## What to do
Output exactly, and only, the lines below from the one with "Image of yellow" down to the one with "白背景の前で老人の手を握る子供の小さな手、敬老、介護、相続、福祉のイメージ". Include both end lines and no pictures.

## Entries supplied
Start of Block

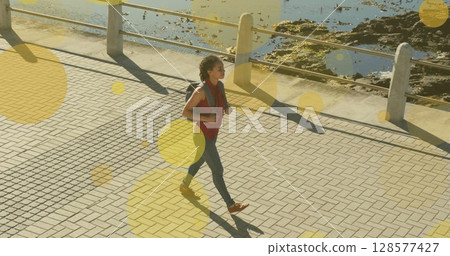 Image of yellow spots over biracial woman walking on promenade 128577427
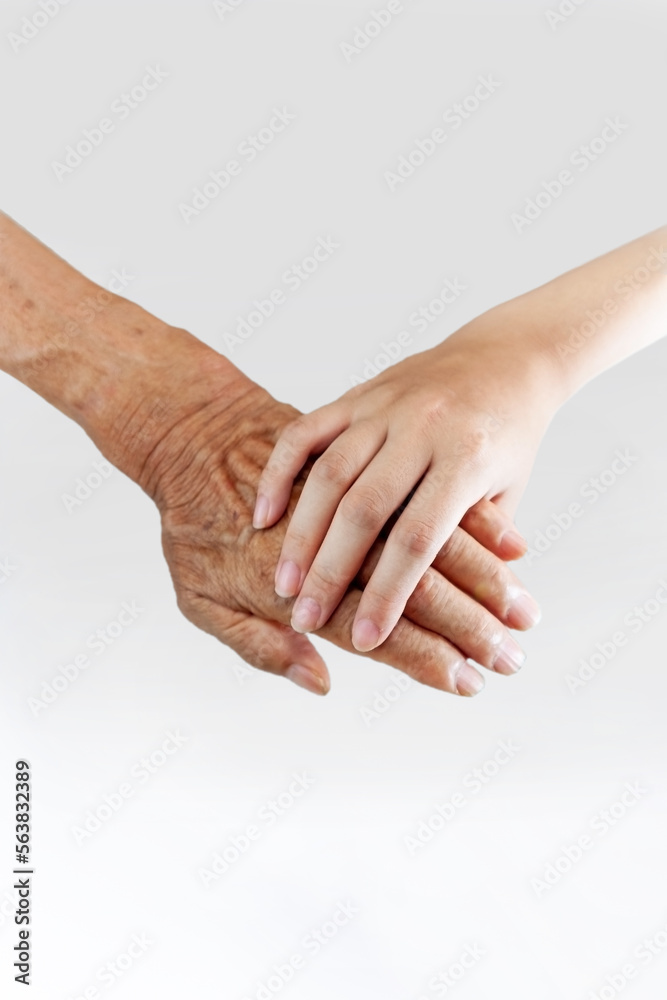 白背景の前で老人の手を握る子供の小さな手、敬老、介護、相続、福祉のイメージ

End of Block
Start of Block

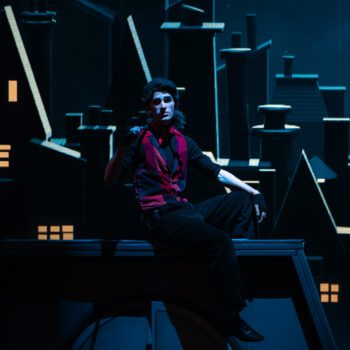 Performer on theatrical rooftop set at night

End of Block

## Solution for this task
 Image of yellow spots over biracial woman walking on promenade 128577427
 白背景の前で老人の手を握る子供の小さな手、敬老、介護、相続、福祉のイメージ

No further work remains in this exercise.